I recently found myself in need of a laptop or netbook which I’ve somehow managed to go without for years. I settled on a Samsung Chromebook because the price was right and I’m fond of Google. I knew going into this purchase that the Chromebook was designed without a hard drive and is intended more for casual web surfers rather than power users, but that didn’t stop me. I also knew I wanted to take full advantage of the Chromium OS as an on-the-go platform so installing a LAMP-based development environment or tinkering with the system would just defeat the purpose. I decided it was time for change, time for liberation!
In this article I’ll share with you how I made the transition from a familiar desktop environment to Cloud-based web development.
Cloud Your Mind
The Cloud is nothing new. It’s just yet another buzzword for something you’re already quite familiar with – the Internet. The only technical difference between the Cloud (err, the Internet) and the Internet is how you use it.
In the Cloud, all of your tools and information reside “out there” on the Internet rather than on your local machine. This allows you to easily access your files from anywhere and from almost any device with a browser and Internet connection. If your computer crashes or is otherwise damaged, all of your tools and data are safe. In other words, moving to the Cloud is simply a matter of changing where you save your data and how you access it.

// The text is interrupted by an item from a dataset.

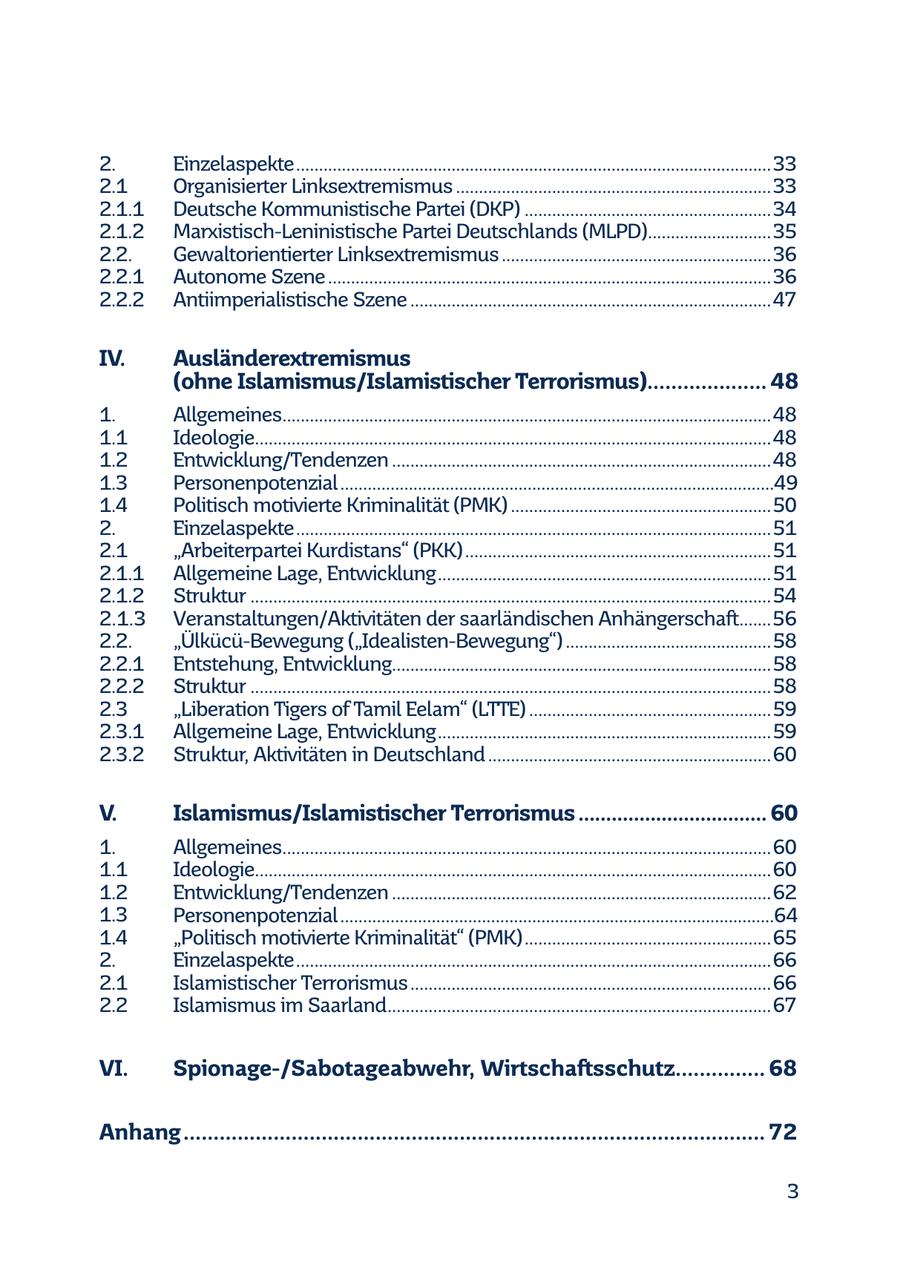2. Einzelaspekte ........................................................................................................33 2.1 Organisierter Linksextremismus .....................................................................33 2.1.1 Deutsche Kommunistische Partei (DKP) ......................................................34 2.1.2 Marxistisch-Leninistische Partei Deutschlands (MLPD)...........................35 2.2. Gewaltorientierter Linksextremismus ...........................................................36 2.2.1 Autonome Szene .................................................................................................36 2.2.2 Antiimperialistische Szene ...............................................................................47 IV. Ausländerextremismus (ohne Islamismus/Islamistischer Terrorismus).................... 48 1. Allgemeines...........................................................................................................48 1.1 Ideologie.................................................................................................................48 1.2 Entwicklung/Tendenzen ...................................................................................48 1.3 Personenpotenzial ...............................................................................................49 1.4 Politisch motivierte Kriminalität (PMK) .........................................................50 2. Einzelaspekte ........................................................................................................51 2.1 "Arbeiterpartei Kurdistans" (PKK) ...................................................................51 2.1.1 Allgemeine Lage, Entwicklung .........................................................................51 2.1.2 Struktur ..................................................................................................................54 2.1.3 Veranstaltungen/Aktivitäten der saarländischen Anhängerschaft.......56 2.2. "Ülkücü-Bewegung ("Idealisten-Bewegung") .............................................58 2.2.1 Entstehung, Entwicklung...................................................................................58 2.2.2 Struktur ..................................................................................................................58 2.3 "Liberation Tigers of Tamil Eelam" (LTTE) .....................................................59 2.3.1 Allgemeine Lage, Entwicklung .........................................................................59 2.3.2 Struktur, Aktivitäten in Deutschland ..............................................................60 V. Islamismus/Islamistischer Terrorismus .................................. 60 1. Allgemeines...........................................................................................................60 1.1 Ideologie.................................................................................................................60 1.2 Entwicklung/Tendenzen ...................................................................................62 1.3 Personenpotenzial ...............................................................................................64 1.4 "Politisch motivierte Kriminalität" (PMK) ......................................................65 2. Einzelaspekte ........................................................................................................66 2.1 Islamistischer Terrorismus ...............................................................................66 2.2 Islamismus im Saarland....................................................................................67 VI. Spionage-/Sabotageabwehr, Wirtschaftsschutz............... 68 Anhang ................................................................................................. 72 3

Moving forward, forget that you have a hard drive. Close your eyes and take a moment to clear it from your mind… Breathe… Relax, you can still keep your memory cards and USB sticks; people still need to carry data with them every once in a while.
The first step in making the transition to the Cloud was to find a version control system to manage my code base. If you’ve never used version control before, there’s nothing to it. Version control software lets you:
- Checkout your code
- Track revisions
- Roll back
- Document the development process
- Work with others without overwriting each other’s work
- And more
It really is a tool that no developer, professional or hobbyist, should be without.
There are several offerings to choose from, Mercurial and Subversion amongst others, but I chose Git. Git was originally created by Linus Torvalds and is very easy to use. Although I was installing Git on my local desktop for when I’m developing at home in the comfort of my LAMP environment, there are browser-based Git clients so I wouldn’t need to install it again on any other device I happen to be using.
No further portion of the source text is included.